--- START ---

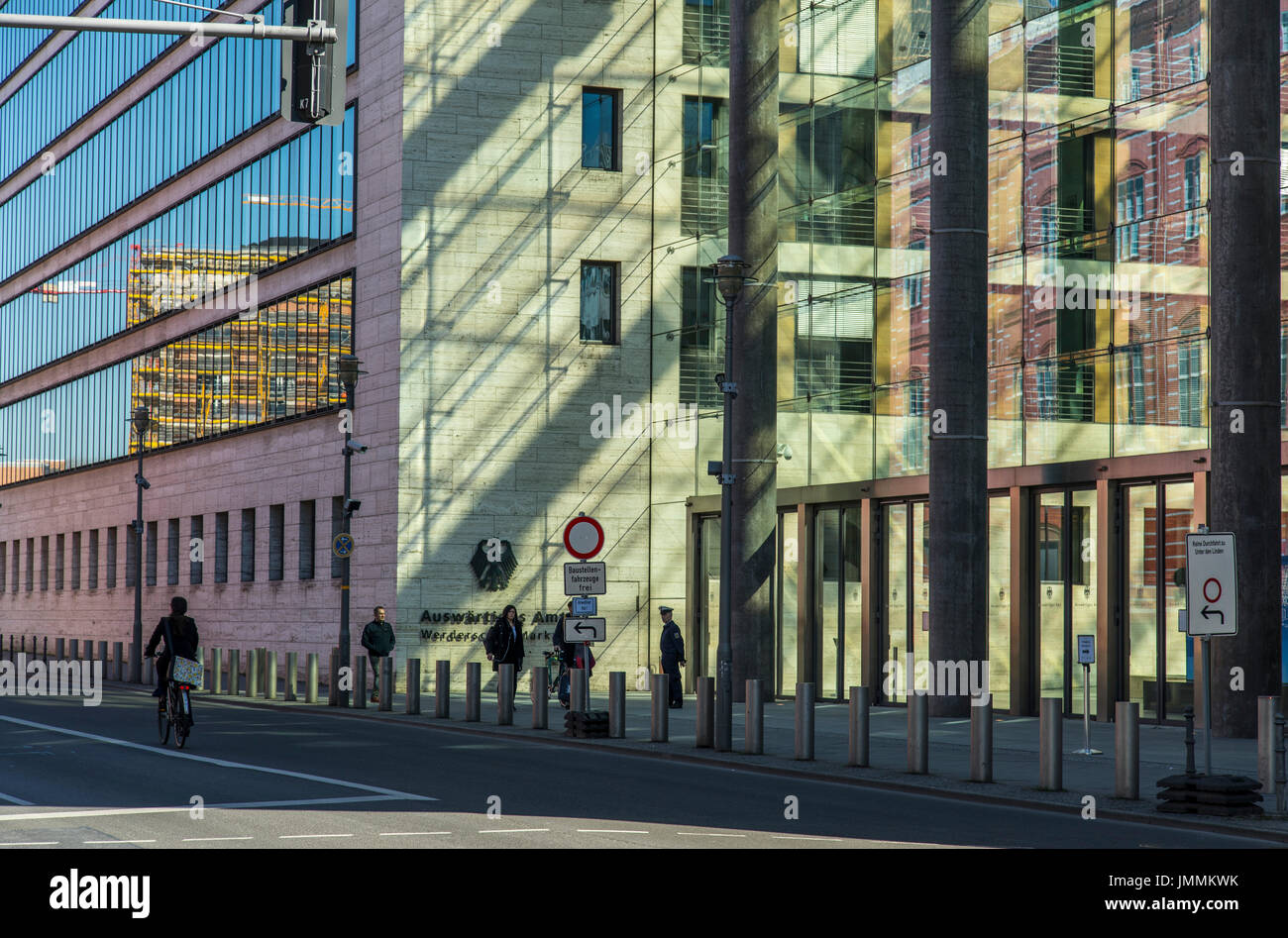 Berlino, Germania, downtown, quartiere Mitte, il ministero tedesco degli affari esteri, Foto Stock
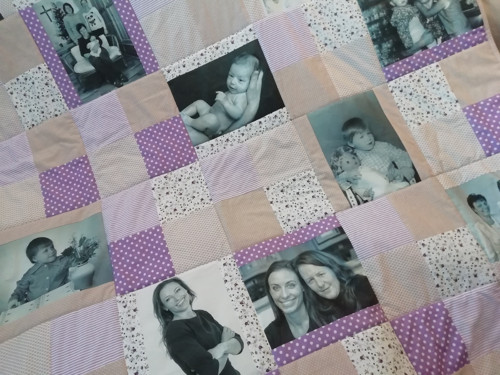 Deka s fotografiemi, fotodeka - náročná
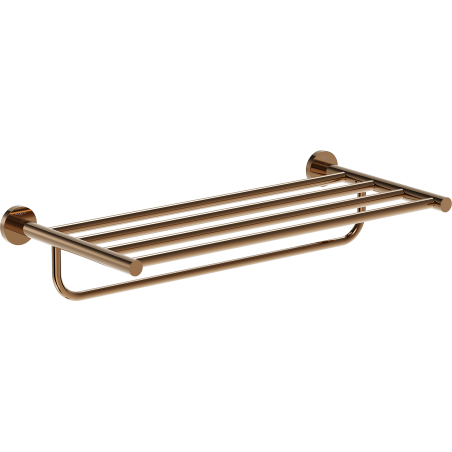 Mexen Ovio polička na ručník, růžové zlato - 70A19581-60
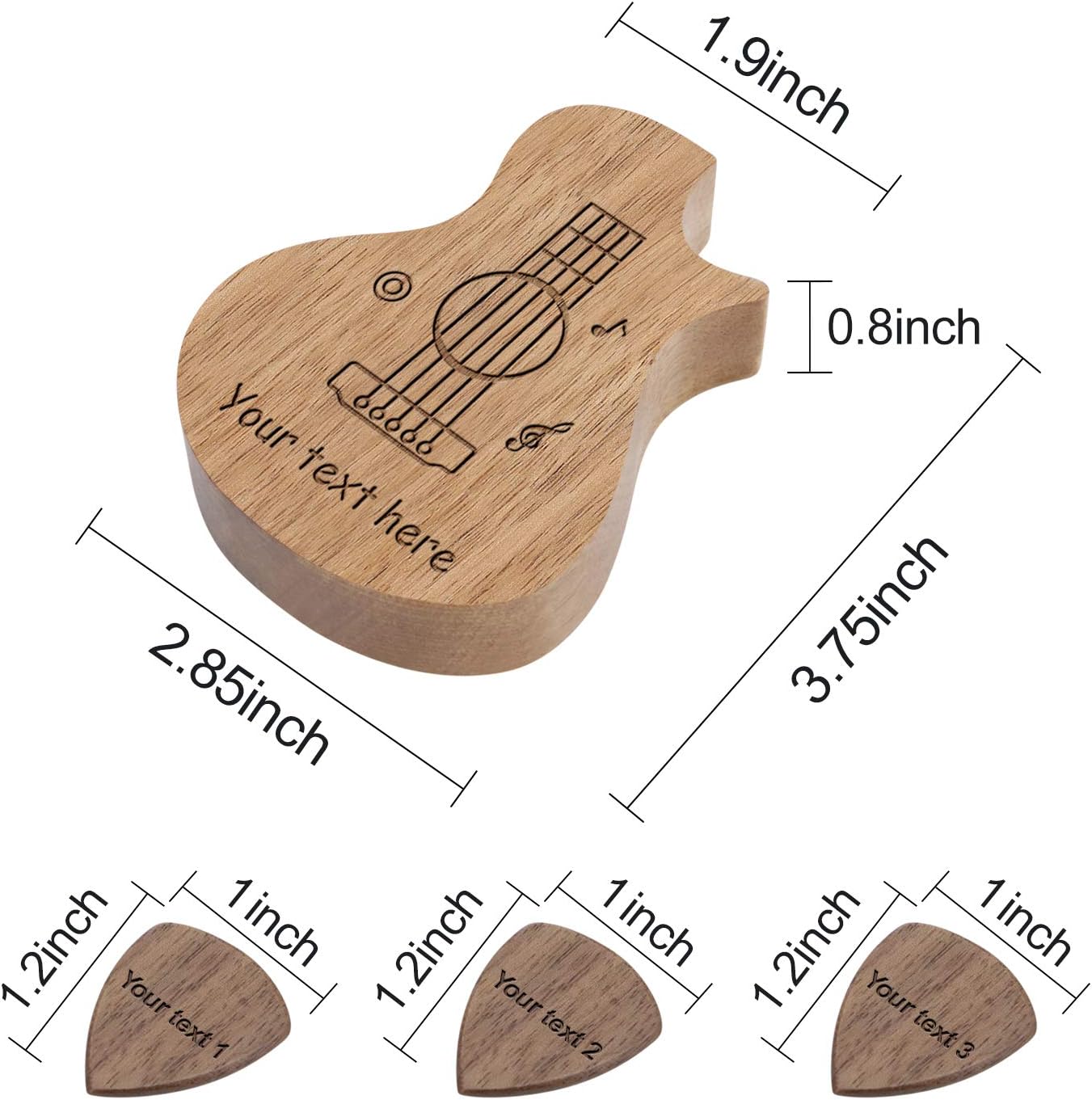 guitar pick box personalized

--- END ---
--- START ---

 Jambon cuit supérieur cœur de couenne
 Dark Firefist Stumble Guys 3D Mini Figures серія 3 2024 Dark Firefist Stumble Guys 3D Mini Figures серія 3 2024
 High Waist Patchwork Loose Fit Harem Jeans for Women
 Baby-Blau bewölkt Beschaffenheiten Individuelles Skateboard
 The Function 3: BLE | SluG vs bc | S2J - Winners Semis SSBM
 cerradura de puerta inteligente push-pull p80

--- END ---
--- START ---

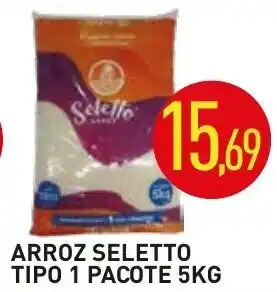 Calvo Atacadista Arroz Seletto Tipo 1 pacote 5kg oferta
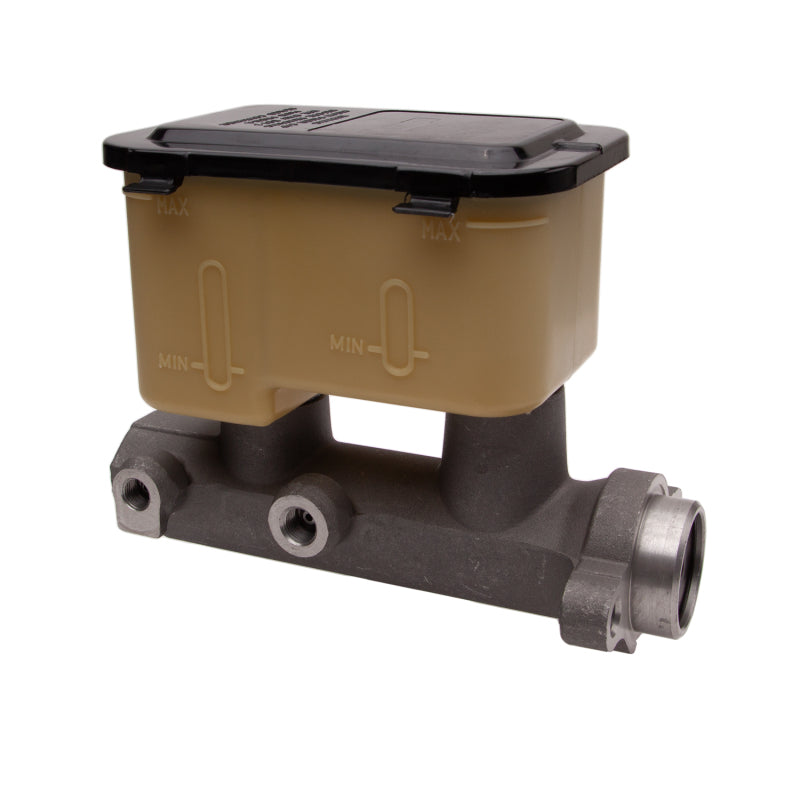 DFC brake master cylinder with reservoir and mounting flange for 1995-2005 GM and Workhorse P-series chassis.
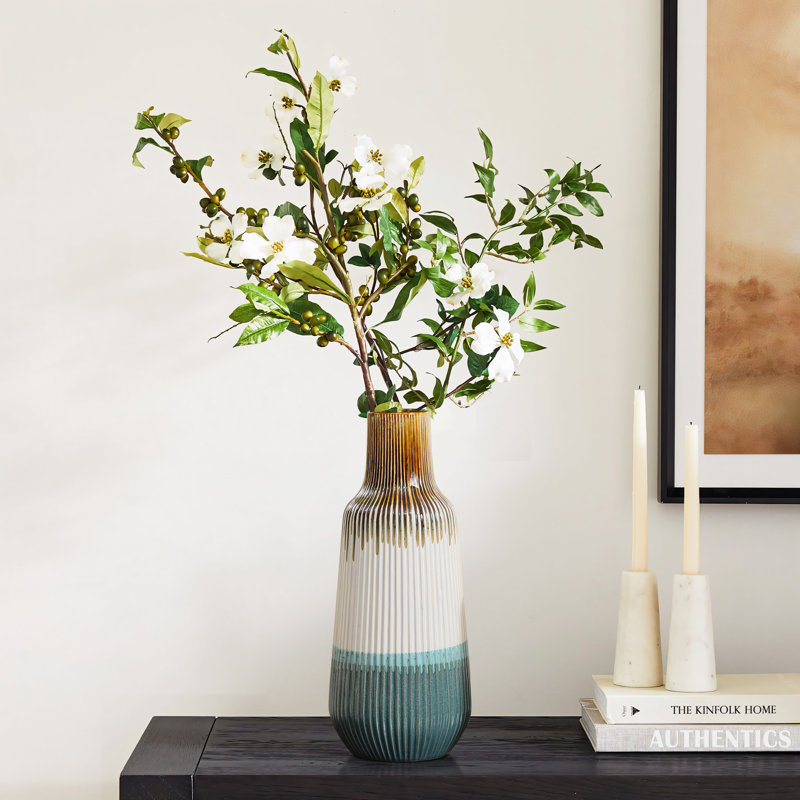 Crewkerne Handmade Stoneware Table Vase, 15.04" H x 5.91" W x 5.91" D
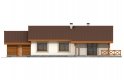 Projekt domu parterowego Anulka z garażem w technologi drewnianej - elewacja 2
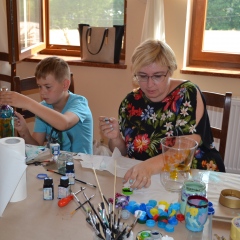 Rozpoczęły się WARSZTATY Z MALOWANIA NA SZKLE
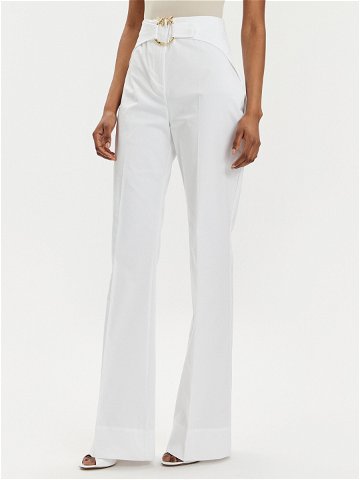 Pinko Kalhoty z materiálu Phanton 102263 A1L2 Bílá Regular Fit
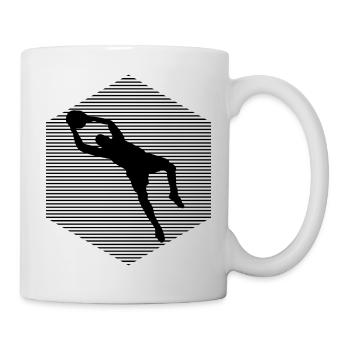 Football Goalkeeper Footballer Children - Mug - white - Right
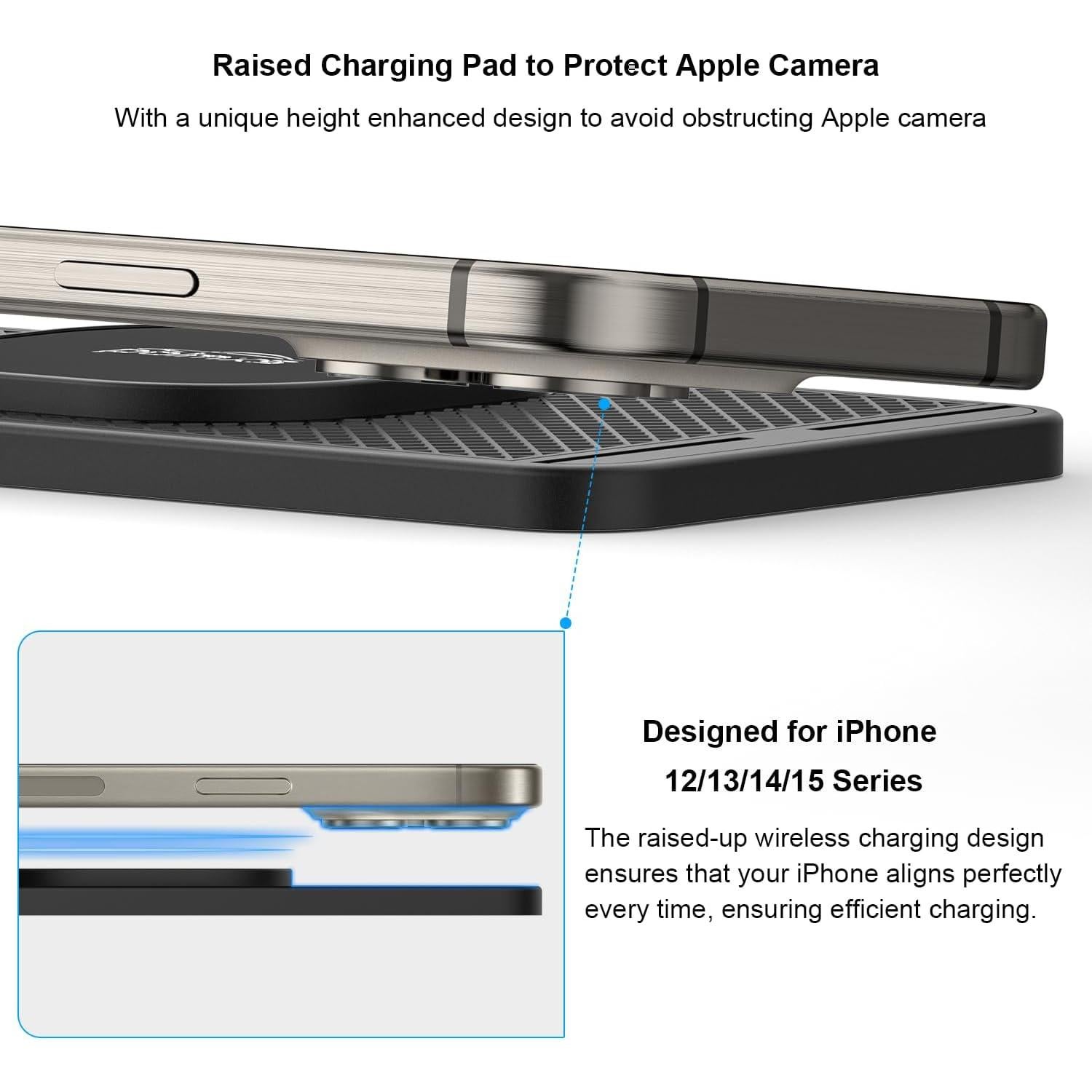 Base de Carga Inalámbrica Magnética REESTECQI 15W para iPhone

--- END ---

Goal of the exercise
Each line above that falls between the line with "Berlino, Germania, downtown, quartiere" and the line with "guitar pick box personalized" should be printed exactly, together with those two lines, but the pictures should not.

Written response
 Berlino, Germania, downtown, quartiere Mitte, il ministero tedesco degli affari esteri, Foto Stock
 Deka s fotografiemi, fotodeka - náročná
 Mexen Ovio polička na ručník, růžové zlato - 70A19581-60
 guitar pick box personalized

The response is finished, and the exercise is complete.